For the couple months prior, I'd had this sense that I should return to the storage unit, which didn't even make sense because I don't have the money to actually retrieve the stuff from the unit, but I heeded the sense anyway. And somehow, I'm not even entirely sure how, it ended up being a much more profound experience than I'd expected. I came away with this understanding that I so often have settled for a dim vision for what is possible for my life.....I think maybe because there are lots of things in the storage unit that remind me of past romantic relationships, and the ways that I allowed things to happen that I didn't want...it was a kind of resignation, a sense that I couldn't expect anything better from life, so why even try? (I also saw all the pretty clothes that I own--not necessarily fancy, but pretty-- that I'd forgotten I had because they've all been in storage for 5 years....which somehow seems like such a metaphor...) I don't want to do that. I think I've gotten much better about not doing that, and I want to do better still. Not even so much in the romantic arena (although there too!) as in life as a whole. I can, and want to, dream of a good life for myself, one with joy and calm and creativity, and then live into that life.

Monday, December 8, 2014

hungry deer: a parable

If they can get you asking the wrong questions, they won't have to worry about an answer.
-Thomas Pynchon

The last few days I've been in Indiana, sorting through my storage unit. While there, I stayed with Pam and Jim, a couple my parents knew way back in the day, when I was a little kid. I haven't had a conversation with them since then, so it was interesting to catch up on the last 30 years.

Yesterday morning I was telling Pam that I'd like to have a garden someday. She said she'd had a garden, off and on, over the years, but that in recent years the deer had been especially bad, eating everything in the garden, plus all the flowers, plus bark off the trees. To which I replied, what the heck? That's weird behavior. Why would they be eating the bark? Pam said she had no idea. I pondered. Then I said: sounds like starving deer to me. She agreed that it did sound like the kind of thing that only starving deer would do. I pondered more. Why would the deer be starving? Well, the answer wasn't that hard to arrive at. The forests have been almost entirely cut down in that area. Housing developments have taken over like smallpox taking over a tribe. Predators of deer, besides humans, have been eliminated completely. And so, there you have it: too many deer and not enough food or shelter for the deer.

It struck me, how often the human question seems to be, "what's wrong with the deer?" Rather than, "what's wrong with the system as a whole, that the deer are driven to this behavior?"

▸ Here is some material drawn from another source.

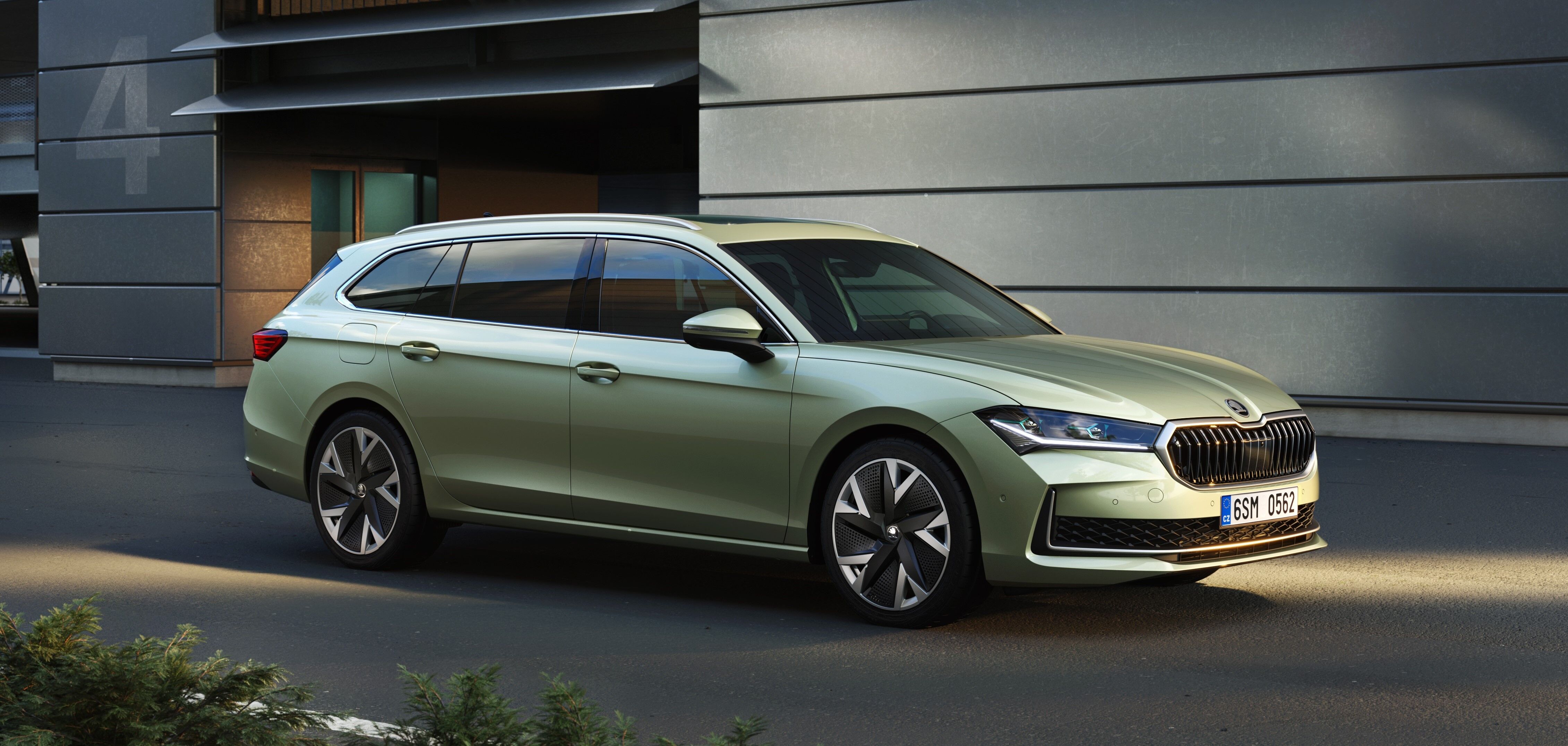 4egeneratieskodasuperb25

Saturday, December 6, 2014

ziah the buddha + the nature of desire + AJ the prophet

A few weeks back I was visiting my pal Lori, as y'all know, which meant that I was also visiting her kiddos, one of whom is Ziah, who is 4-years-old. One day I was hanging out with Ziah and he reeeeeeeeeaaaaaaallllllllyyyyyyy wanted something. It was, like, a cup of yogurt. Or one of his superhero action figures. Or a racing car. Something like that. And the thing wasn't available to him at the time for some reason. His sister was playing with it. Or it was in the wash. Or there weren't any left. And he was reeeeeeeeeeeeeeeeeaaaaaaaaaaaallllllllllllllyyyyyyyyyyyyyyy upset about this. He wanted the thing so much! He was crying and saying how much he wanted it and begging for it.

I was watching him, really feeling the dilemma he was in, wishing he could have the thing and also seeing how it just wasn't in the cards right then. Time passed. Circumstances changed. The thing became available and he was given the thing and he was happy!

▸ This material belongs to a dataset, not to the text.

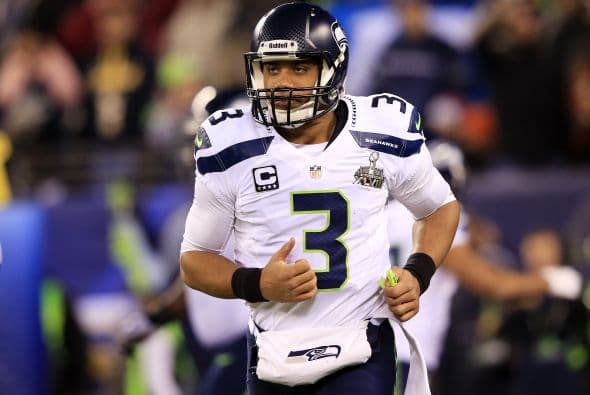 Los Seahawks, con un fútbol "total", el que había trabajado el entrenador del equipo durante toda la temporada regular, el veterano Pete Carroll, derrotaron por paliza de 43-8 a los Broncos, la mejor ofensiva de liga, con el mariscal de campo Peyton Manning a la cabeza. No habían pasado ni 12 segundos desde el comienzo del partido y los Seahawks ya hicieron historia con la anotación más rápida que se había dado jamás en un Super Bowl. Pero lo peor no fue el dejarse anotar dos puntos, sino la imagen de enfrentamiento entre Manning y el centro de origen mexicano Manny Ramírez, que no le dio bien al balón, y aunque el corredor Knowshon Moreno lo recuperó, lo hizo en la zona de protección. La mejor ofensiva de la NFL estaba paralizada, sin saber qué hacer, y ahí fue el comienzo y el final del partido disputado en el MetLife Stadium, de East Rutherford (Nueva Jersey), donde la temperatura fue de 43 grados. Malcom Smith recibió el premio de Jugador Más Valioso (MVP), el octavo defensor que lo consigue en un partido de Super Bowl y el tercer apoyador. Carroll, de 61 años, el tercer entrenador con más edad de la NFL que ganó un Super Bowl, se convirtió en el tercer entrenador que logra los dos títulos de campeón universitario de la NCAA con el equipo de USC y ahora los Seahawks en la NFL.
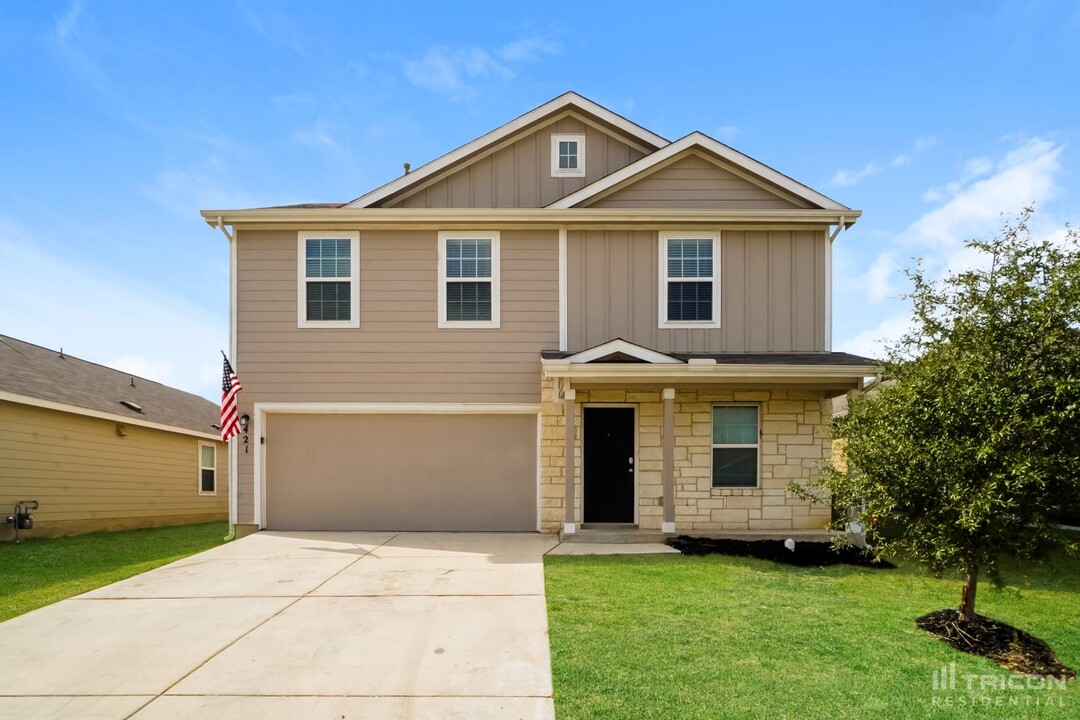 421 Moonvine Way in New Braunfels, TX - Building Photo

Time passed again. And when I say "time passed" I mean that four minutes went by. He became interested in some other thing and played with it. After a minute, thinking maybe it hadn't sunk in that it was actually available now, I offered him the thing again that he'd originally wanted. And he was like, "meh." No light shone in his eyes for that thing. It was over. It was so five minutes ago. And that was that.

And that, friends, is what the Buddha was talking about. Figuring out how to live with equanimity when you are a being that has multiple, often contradictory, ever changing desires.

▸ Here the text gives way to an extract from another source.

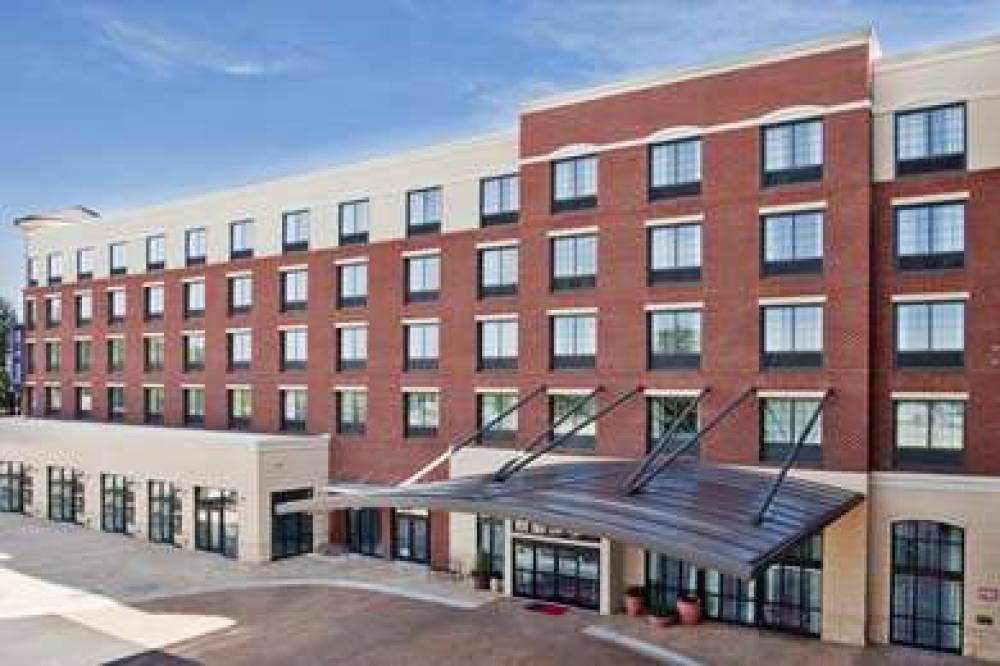 HAMPTON INN ANDAMP; SUITES CHAPEL H 1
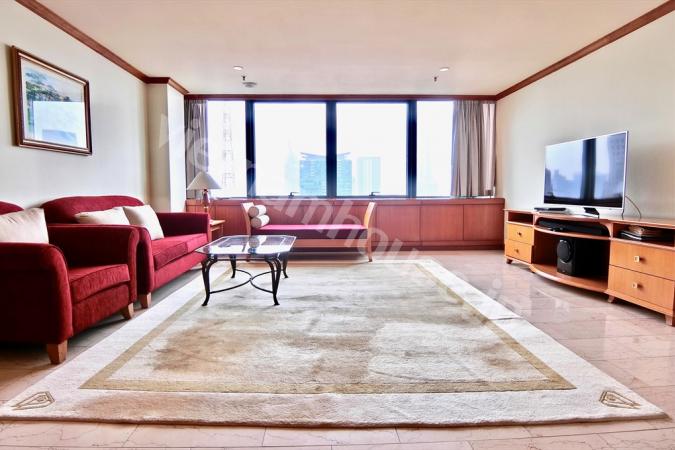 Nice pool with awesome view of skycrapers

Right now I'm in Indiana, visiting my storage unit where most of my possessions have been stored lo these many years. I'm staying with friends of my parents from way back in the day. Like, I used to play in this home 30 years ago. Their son was my buddy and their daughter was older than me and I thought she was so pretty. I haven't been in this home since or had a conversation with these people since. But they took me in, wayfaring stranger that I am in this town.

Tonight was their son's 39th birthday, the one I used to play with when we were first graders. He came over with his wife and two kids and we all had dinner together. At dinner, his 4-year-old son said the prayer, and the prayer was this: "Dear God. Um....I love you. And help us to like this food. And if we hate this food, help us to have a napkin so we can put the food in it. That would be good. And, amen."

The theology I take from that is: Dear Benevolent Force: Lead us in paths that will bring us good things. But if the paths bring us shitty things, help us to find an escape hatch.

Which, yep, amen.

Friday, December 5, 2014

recommended video of the day

I've been thinking and writing a lot about race issues lately. I've been feeling angry about race issues lately, as I know a lot of you have as well. Today I want to share a short video by Chris Rock called "How White Supremacy Works" that doesn't have an angry tone. It's actually not even funny, which as we know is unusual for Chris Rock. It's just straightforward, non-preachy, and....well, I found it moving.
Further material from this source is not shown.